The soon-to-be 22-year-old South Korean split a side seam on her pink shorts but still shot a 4-under 67 on Friday to take the second-round lead in the Jamie Farr Toledo Classic.
Choi shrugged off two bogeys to start the back nine, birdieing three holes coming down the stretch for a one-shot lead over Inbee Park, Mika Miyazato and Hee Kyung Seo.
About the only thing that didn't go Choi's way was when she jammed her divot-repair tool into her right front pocket at the ninth green, tearing a hole in the fabric. She was fortunate that she decided to go with leggings on a cool morning.
"I played really well today; same as yesterday," Choi said. "I hit 16 greens and 12 fairways, so my shots were really good."
Choi, without a win in her four years on the LPGA tour, started with a 66 and was at 9-under 133 at rainy Highland Meadows Golf Club.

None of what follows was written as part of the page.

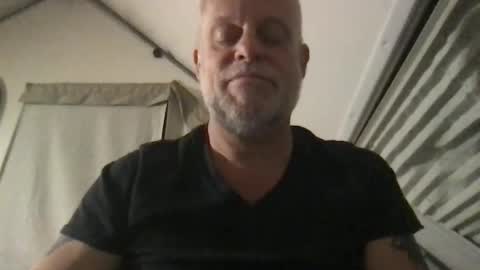 Z online show from November 17, 2025, 2:39 am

She's clearly trying to not get ahead of herself.
"I have two more days," she said. "I don't care about the other players. I'll just try to keep my score low."
The leaderboard retained its international flair, but it's clear that -- like the LPGA Tour itself in recent years -- the South Koreans are taking over. They held five of the top eight spots at the tournament's midpoint.
Park, winner of the most recent tour event, the Evian Masters, matched the day's low round, climbing 29 spots on the leaderboard with a 6-under 65.
"Winning Evian, that gave me a lot of confidence playing this week," she said.
Only Yani Tseng, the world's top-ranked player, has won back-to-back LPGA tournaments this year.
"It is actually easy and tough at the same time because you have such confidence," Park said. "You feel a lot more comfortable on the golf course. If you're playing really good, that's a bonus."
Choi was 3 under through seven holes before bogeying Nos. 10 and 11. But she regrouped to birdie 13, 15 and 16 coming in.
"I like the shape of the golf course," said Choi, who tied for second at the Manulife tournament in Canada in late March.
Miyazato shot a 68, and Seo followed a 68 with a 66 to also get to 8 under.
After thunderstorms overnight and off-and-on rain throughout the round, Highland Meadows is relatively defenseless. But a gusting wind picked up as play continued.
"I like the windy conditions because I'm from Okinawa and it's always windy," said Miyazato, who was followed by a large Japanese media contingent.
Seo needed just 26 putts in her 66, which featured six birdies and one bogey.
She said the intermittent rain and cooler temperatures caused her some difficulty.
"I had to put my jacket on and off," she said. "It was hard to concentrate."
First-round leader Pernilla Lindberg (71), Hee-Won Han (67), Karine Icher (69) and So Yeon Ryu (68) were 7 under.
It wasn't nerves that cost Lindberg her two-shot lead.
"I actually slept really good," the Swede said. "I handled the situation better than I would have a while ago. I've been playing good in Europe lately, been up there in the lead a few times. I feel more and more comfortable every time I'm there."
Icher, winless in a decade playing LPGA events, is hoping to stay patient.
"I've been many times in this position in my career and never won," she said. "I'll just take it easy and try to play my best golf I can and we'll see."
Defending champion Na Yeon Choi (no relation to Chella) shot a 71 and was at 141. She won the 2010 Farr. The event wasn't played last year while the city hosted the men's U.S. Senior Open.
Jennifer Rosales had a hole-in-one with a 4-iron on the 179-yard 14th. But with a 75, she still missed the cut of even-par 142.
Among those missing the weekend were Tseng, 2005 Farr winner Heather Bowie Young and Michelle Wie.